Lebanon celebrates its Independence Day as one, yet its people remain divided, revealing a nation still without a shared history to truly unite them.
A nation written in many voices
As Lebanon’s Independence Day draws near, the country once again prepares for a familiar ritual. Flags start sprouting on streetlights and cars, schools rehearse the national anthem for the yearly ceremonies with students performing for their parents, and TV ads begin speaking about Lebanon and its greatness. Then, on the 22nd of November, for a single day, Lebanon forgets about its internal divisions and celebrates, as one people, the birth of the nation. But as soon as the day ends, the flags are taken down and replaced with festive Christmas decorations, school rehearsals shift to Christmas themes, and TV ads start talking about the magic of the season. And with it, Lebanon slips back into its familiar cycle of infighting and discord, forgetting that only a few days earlier everyone was celebrating as one.
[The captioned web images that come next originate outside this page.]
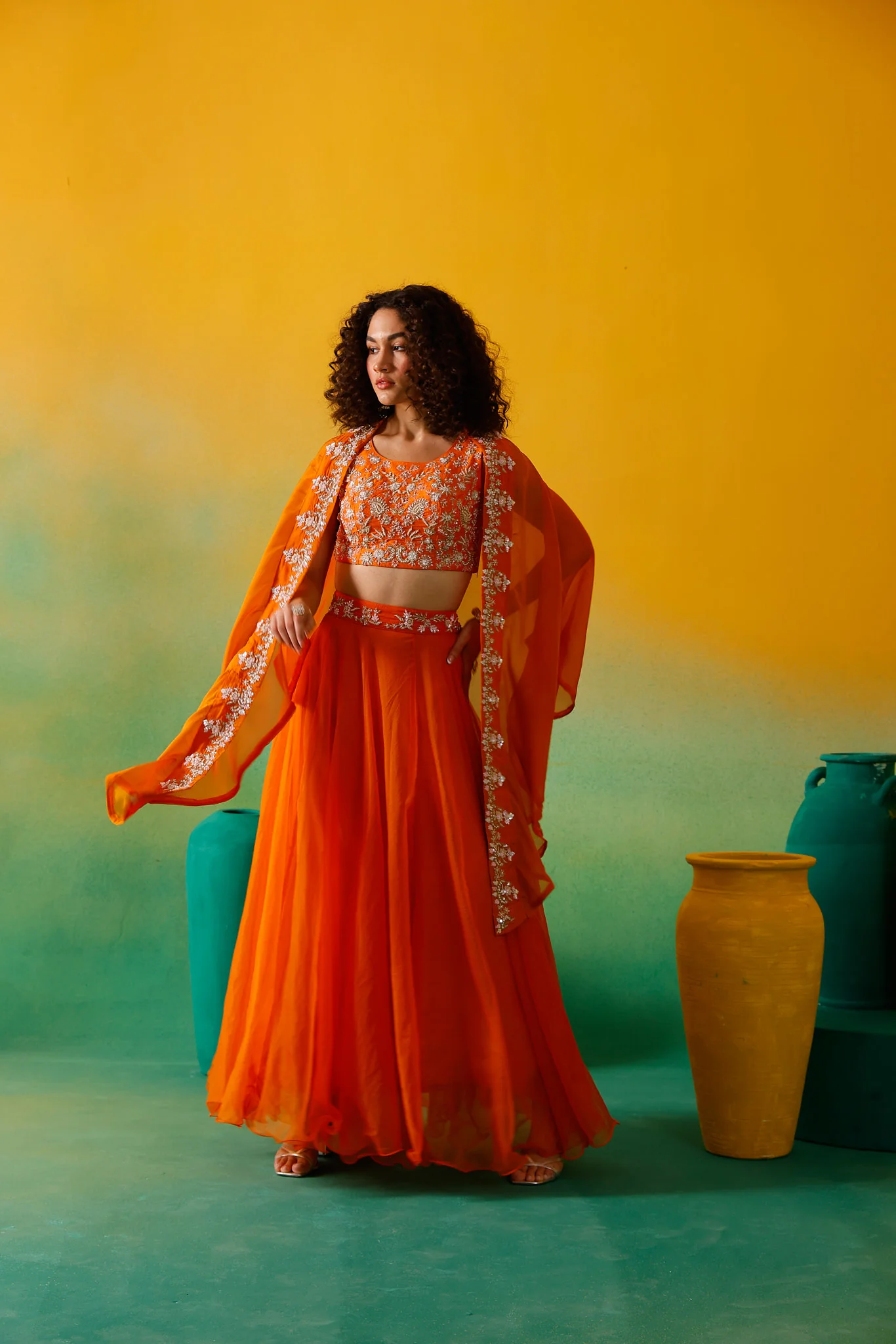 Neerus Orange Embroidery work Organza Fabric Ghagra Set - Image 4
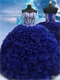Curly Bow Floor Length Dark Royal Blue Prom Ball Gown Attire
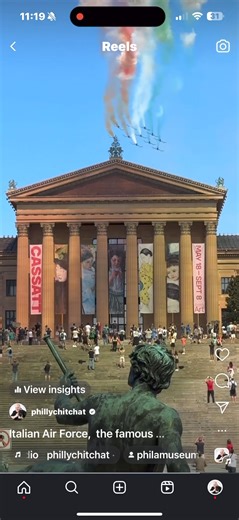 293K views · 3.3K reactions | Italian Air Force known as the famous Frecce Tricolori flew over the Philly in a 10-jet formation with their signature red, white and green smoke trails. | Philly ChitChat | Facebook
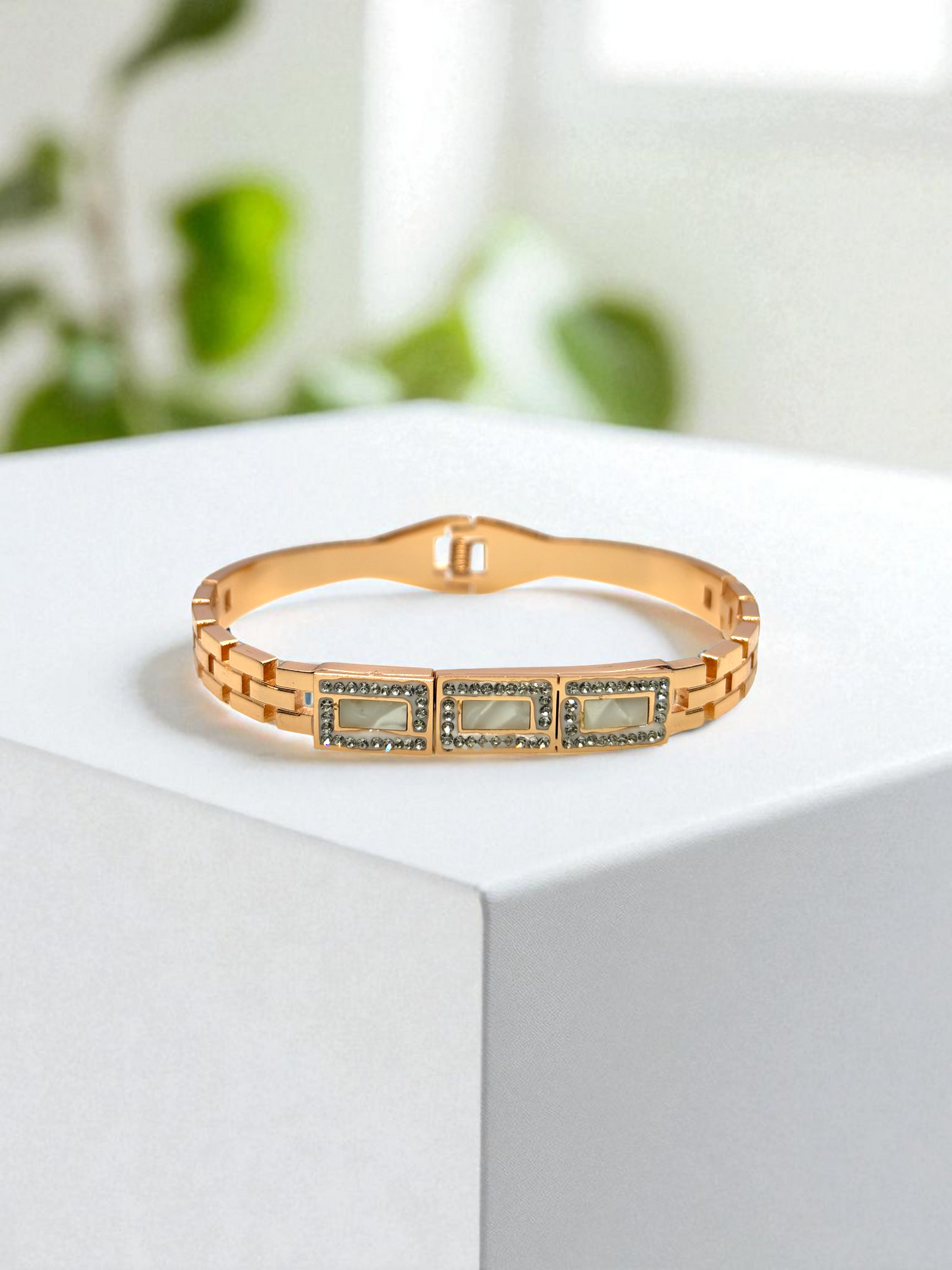 Rose Gold American Diamond Anti Tarnished Elegant Geometric Bricks Bracelet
All of this points to a deeper truth: Independence Day acts as nothing more than a temporal marker, a day where we celebrate a date and not a birth, a day where we remember the ritual and not the struggle of our forefathers, and a day that is forgotten as soon as the flags are gone. While in principle, this day should represent something far greater: the beginning of a shared history for all sects. Yet Lebanon has never built a unified national narrative around independence, not simply as a matter of disagreement, but rather owing to the fact that historical memory has developed separately within each community, producing distinct and sometimes incompatible accounts of Lebanon’s past.
These accounts are not merely historical disagreements, as they represent accounts of what Lebanon is and where it comes from. And from those answers a more crucial one emerges: to whom Lebanon ultimately belongs. Some see Lebanon as the continuation of the Phoenician empire, of Mediterranean stock and culture, while others, through a Pan-Arab lens, view it as an integral part of the Arab world. Some frame its history as one of Islamic struggle against foreign invaders, while others interpret Lebanon through a leftist lens, seeing only class struggle and anti-imperialism. And with each narrative comes an implicit claim to ownership: Lebanon as the legacy of its Christian communities and their ancient Mediterranean lineage; Lebanon as an Arab nation shaped by Sunni political currents and regional struggles; Lebanon as an Islamic project anchored in Shia resistance… All of these answers lack what Lebanon needs most today, a historical framework that understands Lebanon as belonging to its citizens collectively, rather than to the memory of any single community.
Yet this is easier said than done, for Lebanon’s national identity was not the foundation of the state, but a post-hoc narrative layered onto it after its formation. This was not a coincidence. Long before the idea of an independent Lebanon, identity in the country was shaped through the Ottoman millet system, which organized communities by religion rather than nationality. When France later established Greater Lebanon, instead of replacing these communal divisions, it built on them, reinforcing sectarian identities rather than developing a shared national one.
And while the independence of 1943 formalized sovereignty, it failed to produce a unified origin story. The civil war later capitalized on this absence, consolidating and militarizing pre-existing divides, with each sect constructing its own account of the war’s causes and consequences. This had important ramifications because the post-war era's lack of truth-seeking tools hindered the development of an official national narrative. A legacy that is still present in official school curricula, which portray Lebanese history as starting with the Mutasarrifiyya and abruptly ending before the civil war, as though the preceding centuries and the decades that followed never happened.
These conditions explain how Lebanon’s fragmented memory came to exist, but they do not address why this fragmentation matters. Shared history is important because nations need a common framework for people to understand themselves as members of the same political community, not because they need a single narrative. It also serves as the foundation for political legitimacy; when institutions are seen as the result of a shared history rather than the extension of a specific group, they are viewed as credible. Where no such framework exists, authority fragments and state roles are interpreted through communal lenses rather than national ones.
Shared history also provides the conditions for solidarity, giving collective action meaning beyond temporary interests. Without it, cooperation is contingent and dissolves once incentives shift. Finally, fragmented memory hinders conflict resolution, as each group interprets past violence through its own narrative rather than a shared account. A nation may tolerate multiple memories, but it requires a shared historical horizon.
Lebanon might not seem to be closer to a common historical narrative. Its institutions and collective memory are still disjointed. However, the forces reshaping the nation, such as the economic collapse, social decline, and mass migration, are not limited to any one community. They represent a shared historical moment, if not yet a shared historical narrative. If a common story does eventually emerge, it might come from the lived effects of a crisis that has affected almost every household rather than from settling long-standing identity conflicts. Sometimes nations are born out of perseverance rather than agreement.